What the task requires:
Return only the lines running from the top of the entries to the line with "青銅製 老子作 半鐘 双龍 天人鐘 老子次右衛門 老子造", inclusive, exactly as written.

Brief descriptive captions
——————
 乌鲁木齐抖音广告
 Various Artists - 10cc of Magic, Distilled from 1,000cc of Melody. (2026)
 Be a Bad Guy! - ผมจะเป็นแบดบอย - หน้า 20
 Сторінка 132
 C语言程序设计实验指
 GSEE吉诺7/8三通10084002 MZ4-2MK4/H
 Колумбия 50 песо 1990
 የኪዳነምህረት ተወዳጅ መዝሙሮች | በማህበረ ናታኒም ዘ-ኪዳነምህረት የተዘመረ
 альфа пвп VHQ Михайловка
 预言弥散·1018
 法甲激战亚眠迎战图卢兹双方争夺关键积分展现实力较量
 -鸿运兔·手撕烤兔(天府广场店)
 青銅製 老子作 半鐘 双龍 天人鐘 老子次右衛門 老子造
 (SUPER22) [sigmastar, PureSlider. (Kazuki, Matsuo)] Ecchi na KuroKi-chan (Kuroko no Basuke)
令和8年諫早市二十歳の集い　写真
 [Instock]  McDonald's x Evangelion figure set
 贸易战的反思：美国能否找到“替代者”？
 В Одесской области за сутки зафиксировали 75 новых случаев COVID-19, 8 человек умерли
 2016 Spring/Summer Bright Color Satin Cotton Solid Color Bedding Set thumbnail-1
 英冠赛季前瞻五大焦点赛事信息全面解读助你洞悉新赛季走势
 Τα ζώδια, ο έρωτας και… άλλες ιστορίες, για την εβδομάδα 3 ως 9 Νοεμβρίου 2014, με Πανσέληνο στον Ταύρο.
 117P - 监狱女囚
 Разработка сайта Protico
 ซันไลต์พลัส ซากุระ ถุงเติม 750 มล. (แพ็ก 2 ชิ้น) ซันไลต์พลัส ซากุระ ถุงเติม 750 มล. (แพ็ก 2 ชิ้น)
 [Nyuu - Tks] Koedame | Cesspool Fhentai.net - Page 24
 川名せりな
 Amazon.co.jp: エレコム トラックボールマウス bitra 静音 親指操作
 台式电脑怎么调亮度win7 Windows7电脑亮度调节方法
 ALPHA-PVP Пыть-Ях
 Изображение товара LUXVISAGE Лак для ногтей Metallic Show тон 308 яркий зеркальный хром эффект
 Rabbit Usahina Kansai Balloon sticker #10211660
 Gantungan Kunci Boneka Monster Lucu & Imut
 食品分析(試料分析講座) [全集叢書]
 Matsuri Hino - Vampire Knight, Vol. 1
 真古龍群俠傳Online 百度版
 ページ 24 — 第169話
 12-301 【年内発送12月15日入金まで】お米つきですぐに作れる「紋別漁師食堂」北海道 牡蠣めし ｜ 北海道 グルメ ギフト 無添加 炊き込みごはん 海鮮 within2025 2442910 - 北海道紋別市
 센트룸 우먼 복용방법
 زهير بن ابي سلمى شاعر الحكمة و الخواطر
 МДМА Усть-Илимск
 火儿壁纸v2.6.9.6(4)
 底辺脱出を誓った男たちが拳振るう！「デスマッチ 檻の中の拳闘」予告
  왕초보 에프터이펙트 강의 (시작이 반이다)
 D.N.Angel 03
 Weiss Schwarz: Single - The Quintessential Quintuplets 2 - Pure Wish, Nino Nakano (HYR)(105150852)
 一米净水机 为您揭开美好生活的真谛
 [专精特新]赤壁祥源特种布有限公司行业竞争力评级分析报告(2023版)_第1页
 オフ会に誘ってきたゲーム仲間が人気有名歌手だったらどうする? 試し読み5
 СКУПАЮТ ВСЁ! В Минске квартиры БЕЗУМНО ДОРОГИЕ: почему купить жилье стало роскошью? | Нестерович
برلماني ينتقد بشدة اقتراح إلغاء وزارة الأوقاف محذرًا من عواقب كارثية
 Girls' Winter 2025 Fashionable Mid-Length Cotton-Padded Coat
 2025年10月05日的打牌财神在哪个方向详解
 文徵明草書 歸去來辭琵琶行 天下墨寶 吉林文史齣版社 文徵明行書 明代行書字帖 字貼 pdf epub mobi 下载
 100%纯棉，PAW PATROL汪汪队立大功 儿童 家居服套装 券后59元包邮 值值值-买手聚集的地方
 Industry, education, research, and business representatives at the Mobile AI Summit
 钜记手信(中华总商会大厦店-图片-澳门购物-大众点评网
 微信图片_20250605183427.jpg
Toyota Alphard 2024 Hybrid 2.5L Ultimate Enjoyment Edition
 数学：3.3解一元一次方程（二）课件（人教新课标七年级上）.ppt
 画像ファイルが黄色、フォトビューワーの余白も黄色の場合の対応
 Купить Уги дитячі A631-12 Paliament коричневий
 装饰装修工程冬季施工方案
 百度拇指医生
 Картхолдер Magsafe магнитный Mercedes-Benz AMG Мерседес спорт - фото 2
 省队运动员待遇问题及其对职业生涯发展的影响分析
——————
Completed task:
 乌鲁木齐抖音广告
 Various Artists - 10cc of Magic, Distilled from 1,000cc of Melody. (2026)
 Be a Bad Guy! - ผมจะเป็นแบดบอย - หน้า 20
 Сторінка 132
 C语言程序设计实验指
 GSEE吉诺7/8三通10084002 MZ4-2MK4/H
 Колумбия 50 песо 1990
 የኪዳነምህረት ተወዳጅ መዝሙሮች | በማህበረ ናታኒም ዘ-ኪዳነምህረት የተዘመረ
 альфа пвп VHQ Михайловка
 预言弥散·1018
 法甲激战亚眠迎战图卢兹双方争夺关键积分展现实力较量
 -鸿运兔·手撕烤兔(天府广场店)
 青銅製 老子作 半鐘 双龍 天人鐘 老子次右衛門 老子造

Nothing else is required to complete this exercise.